AKP '90'lardaki suçları da örtüyor: Kulp Davası düştü

Türk devletinin 1993'te zorla kaybettiği 11 kişiyle ilgili 'Kul Davası' düşürüldü. Sanık, dönemin Bolu Dağ Komando Tugayı Komutanı Yavuz Ertürk de beraat ettirildi.

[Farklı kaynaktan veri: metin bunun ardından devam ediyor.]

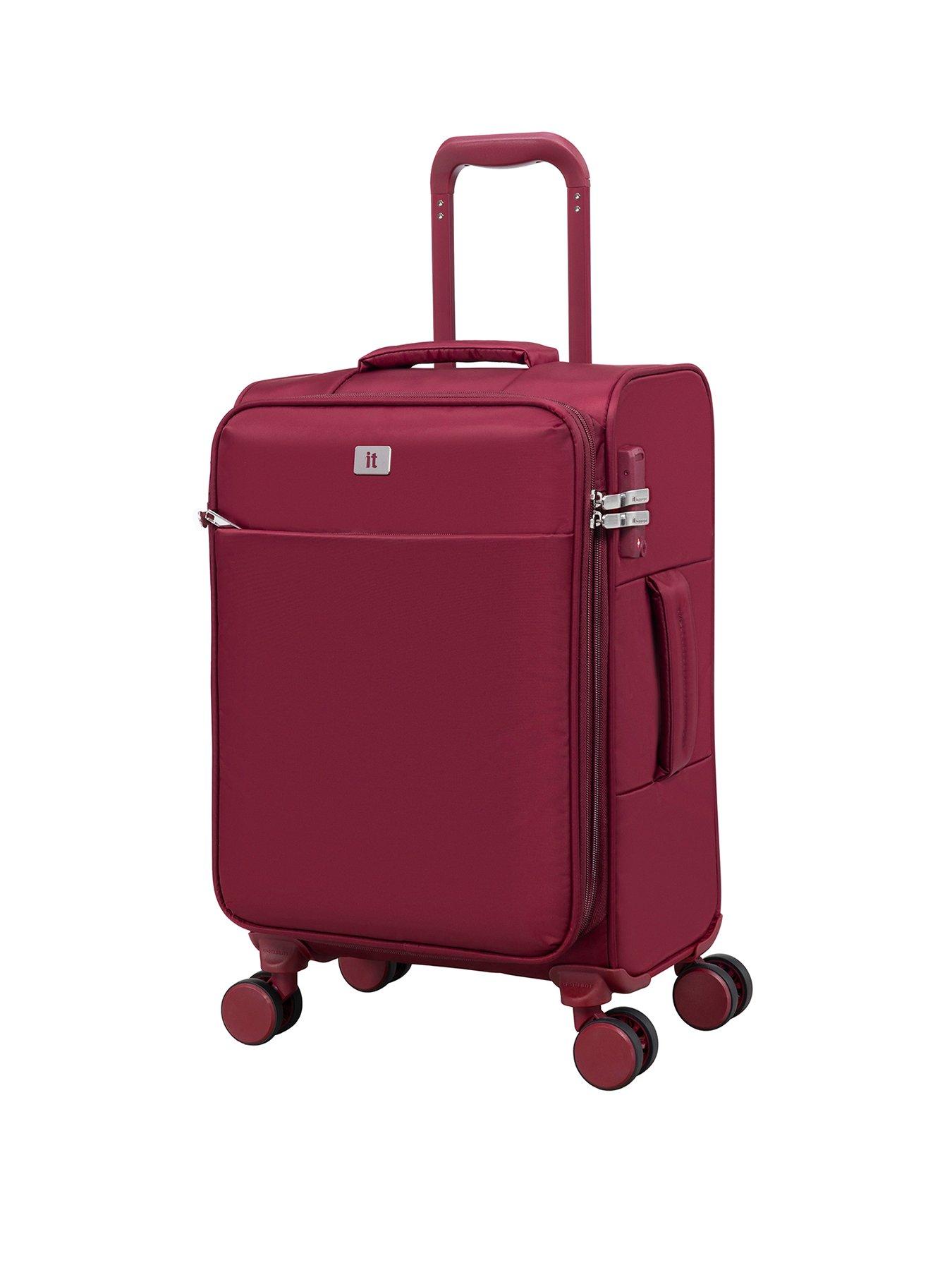 undefined IT Luggage Lustrous Luxe French Port Cabin Suitcase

Kamuoyunda Kulp Davası olarak bilinen, 8-25 Ekim 1993 tarihleri arasında Amed'in Kulp ilçesi ve civarında Bolu Tugayı’nın yürüttüğü askeri operasyonlar sırasında 11 kişinin zorla kaybedilmesi ile ilgili davanın karar duruşması görüldü. Ankara 7'nci Ağır Ceza Mahkemesi'nde görülen karar duruşmasında, dönemin Bolu Dağ Komanda Tugayı Komutanı Yavuz Ertürk, “birden fazla kişiyi aynı sebeple öldürme, halkı isyana ve birbirini öldürmeye teşvik ve cürüm işlemek üzere teşekkül oluşturmak”tan yargılanıyordu. Sanık Ertürk duruşma salonunda hazır bulunurken, duruşmayı Halkların Demokratik Partisi (HDP) Ağrı Milletvekili Abdullah Koç, İHD Diyarbakır Şube Başkanı Abdullah Zeytun, Diyarbakır ve Batman Barosu avukatları da izledi.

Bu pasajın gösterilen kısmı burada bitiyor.